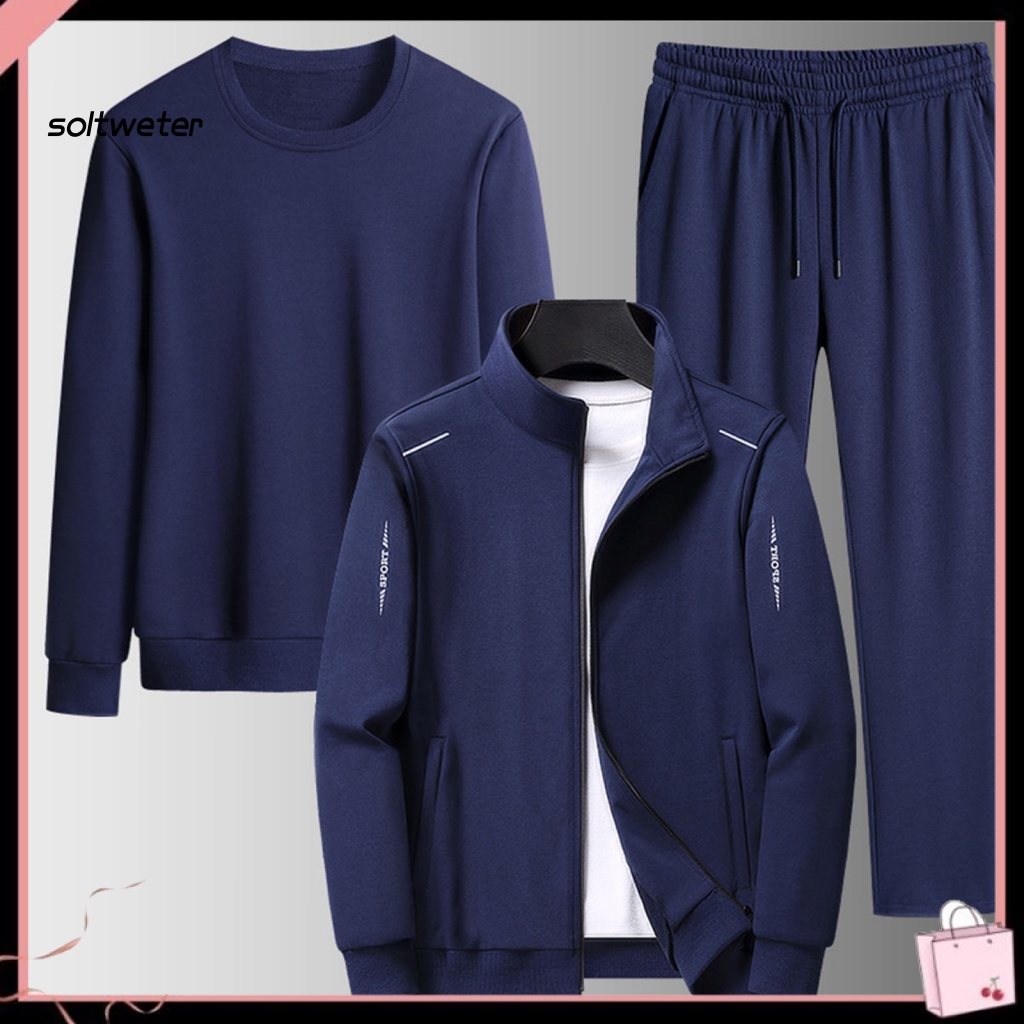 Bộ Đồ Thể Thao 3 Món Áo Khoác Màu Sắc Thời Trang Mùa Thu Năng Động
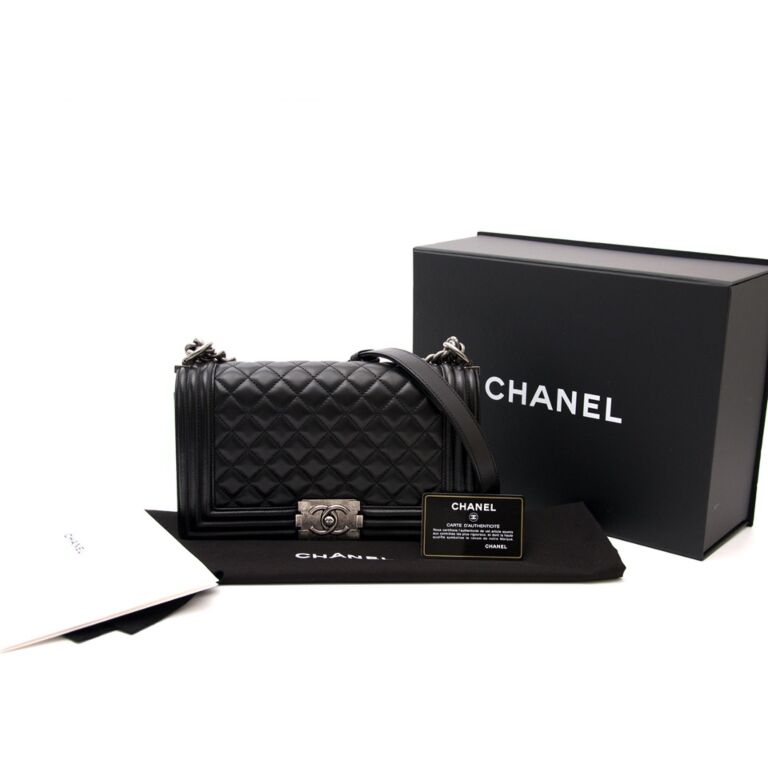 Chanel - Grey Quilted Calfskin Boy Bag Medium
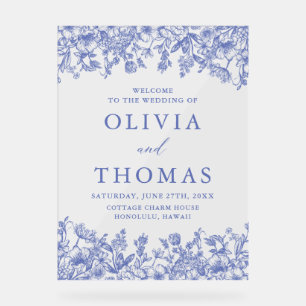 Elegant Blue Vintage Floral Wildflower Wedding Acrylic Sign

——

* _Activity_
Go to the line containing "Chanel - Grey", then write out word for word every line from there to the end of the listing. Keep both end lines and drop the pictures.

* _Written reply_
 Chanel - Grey Quilted Calfskin Boy Bag Medium
 Elegant Blue Vintage Floral Wildflower Wedding Acrylic Sign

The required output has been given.